強化試合初戦の楽天戦(楽天生命)に3―5で敗れたものの、稲葉監督は試合後「色々なことが起こって良かったんじゃないですか」と、むしろ前向きに捉えた。

 この日、右脇腹違和感で出遅れている柳田に代わり中堅に入った近藤が5回の守備で、楽天・ディクソンの放った強烈なライナーに目測を誤り二塁打にする場面があった。打線も初回に3点を奪って以降は沈黙。楽天投手陣の前に最後まで得点を奪うことができなかった。

 五輪本番であれば、いずれも敗戦に直結する致命的なミスや拙攻だったが、指揮官は「近藤選手に関しては、ああいう打球が逆に今日来てくれて良かったんじゃないかなと。全部がうまくいったらそれで終わってしまいますから」。
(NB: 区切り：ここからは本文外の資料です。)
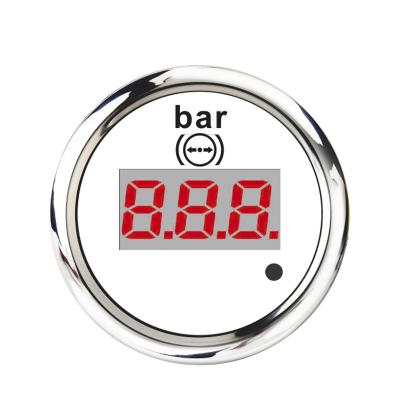 China Level Press Air Gauge 52mm Red LED Digital White Face Gauge Marine And Automotive for sale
 そのうえで「色んな反省点もありましたけど、選手は反省しながらやってくれると思いますから」と、侍戦士の最終調整に全幅の信頼を置いた。

 幸い投手陣に関しては、28日の五輪予選初戦(対ドミニカ)に先発濃厚な山本が2回を1安打無失点。同31日のメキシコ戦に先発予定の森下も2回1失点ながら好投を見せた。

 この2投手に関してはメドが立っただけに稲葉監督も「いい球を投げていましたよ」と笑み。「それぞれが修正点を持ってくれたと思いますし、本線になったらもっと気持ちも出てくる。そういう意味でもそんな心配はしていません」と期待を寄せていた。